*WORK ITEM*
Starting at the top line, print the entries below exactly as they are and skip every picture.

=== SUPPLIED DATA ===

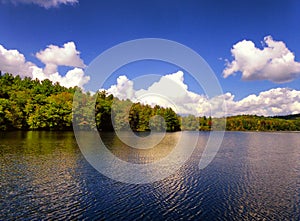 Burr Pond state park autumn view photo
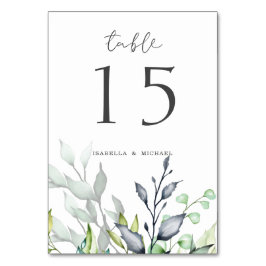 エレガント書植物学結婚書 テーブルナンバー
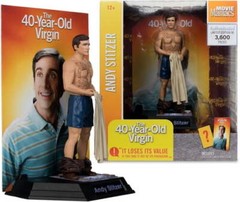 The 40 Year Old Virgin Movie Maniacs 6″ Andy Stitzer Posed Figure McFarlane Toys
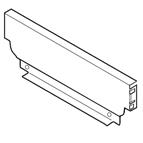 Blum Steel Back  to Suit 86 x 800mm Silk White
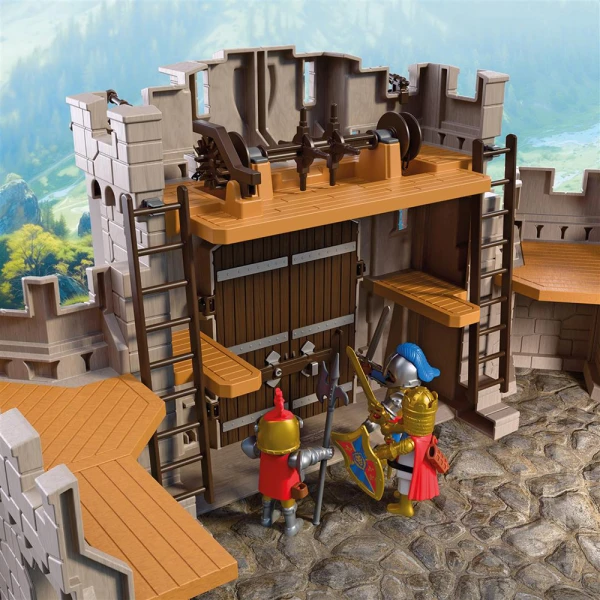 PLAYMOBIL KNIGHTS ΜΕΓΑΛΟ ΚΑΣΤΡΟ ΛΕΟΝΤΟΚΑΡΔΩΝ ΙΠΠΟΤΩΝ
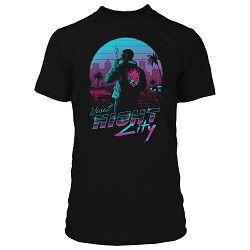 JINX CYBERPUNK 2077 DESTINATION NIGHT CITY PREMIUM TEE ČRNA S - 889343134357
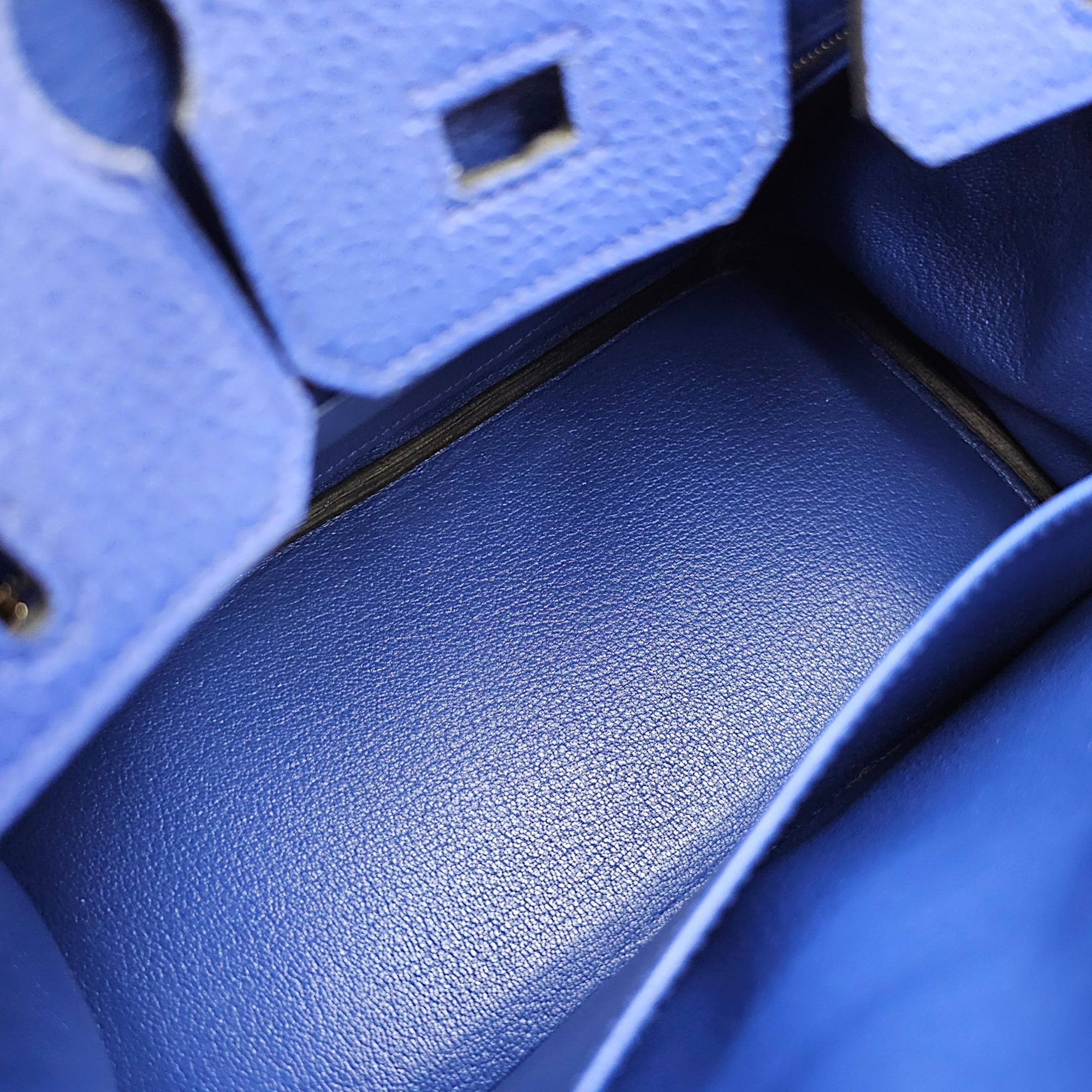 Birkin 25 Blue Electric  in Togo Gold hardware CL2606-21844 6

===

*RESPONSE TO THE TASK*
 Burr Pond state park autumn view photo
 エレガント書植物学結婚書 テーブルナンバー
 The 40 Year Old Virgin Movie Maniacs 6″ Andy Stitzer Posed Figure McFarlane Toys
 Blum Steel Back  to Suit 86 x 800mm Silk White
 PLAYMOBIL KNIGHTS ΜΕΓΑΛΟ ΚΑΣΤΡΟ ΛΕΟΝΤΟΚΑΡΔΩΝ ΙΠΠΟΤΩΝ
 JINX CYBERPUNK 2077 DESTINATION NIGHT CITY PREMIUM TEE ČRNA S - 889343134357
 Birkin 25 Blue Electric  in Togo Gold hardware CL2606-21844 6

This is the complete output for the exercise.